David Kemp, artist and curator of the exhibition explains: “I am a future archaeologist working for the “Department of Reconstruction,” invited by the Museum to display items unearthed from a variety of Late Iron Age sites of human occupation”.
He continues: “A puzzling diversity of artefacts will be exhibited offering glimpses of a resourceful people who developed a technology that reflected their dreams. The functions of these objects remains open to speculation. Re-assembling this jigsaw of fragments from the past has been largely guesswork, informed by the myths & legends from that fabulous age. Lacking any documentary evidence, few clues survive that shed any light on the fate of this advanced culture.”

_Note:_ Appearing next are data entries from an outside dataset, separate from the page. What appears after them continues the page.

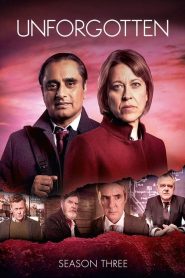 Unforgotten : le passé déterré saison 3 poster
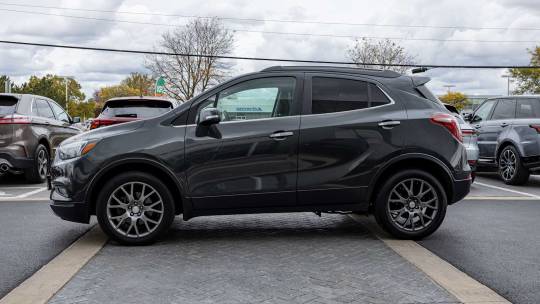 2017 Buick Encore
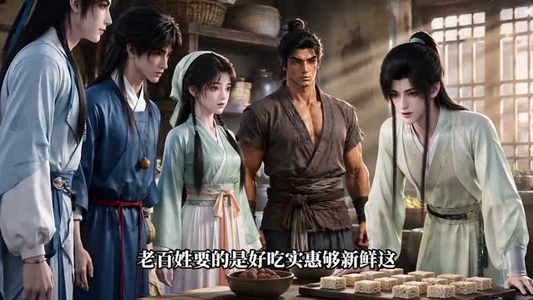 苏忆穿书第一季(154集) 苏忆穿书第一季(154集)免费看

David lives and works on the far western coast of Cornwall, among the old mine workings near Botallack. He has been collecting Cornish junk for over 30 years prompted by the 1970’s working landscape which was a much scruffier place.
“Farmers rarely threw anything away completely just in case it came in useful.” Every farm had its dump tucked away for the Cornish farmers’ art of make and mend which was called “Codging.” There were abandoned cars on moor top sites, lay-bys littered with debris, ruined mines lay derelict and beaches carried a daily tide of plastic and pollution.”
Since then, the landscape has noticeably changed for the good, but David recognises that where there are people, there is junk.
“I’d like to highlight our wasteful society through the junk I have collected for this exhibition but I also want it to be fun and entertaining. I hope that children of all ages, from 6 – 86 years old, will enjoy it but I also hope that I make people think about the wasteful nature of our lifestyles now so they are more aware in the future.”
David Kemp: Botallack Hoard opens on 10 April and is on show until 3 July.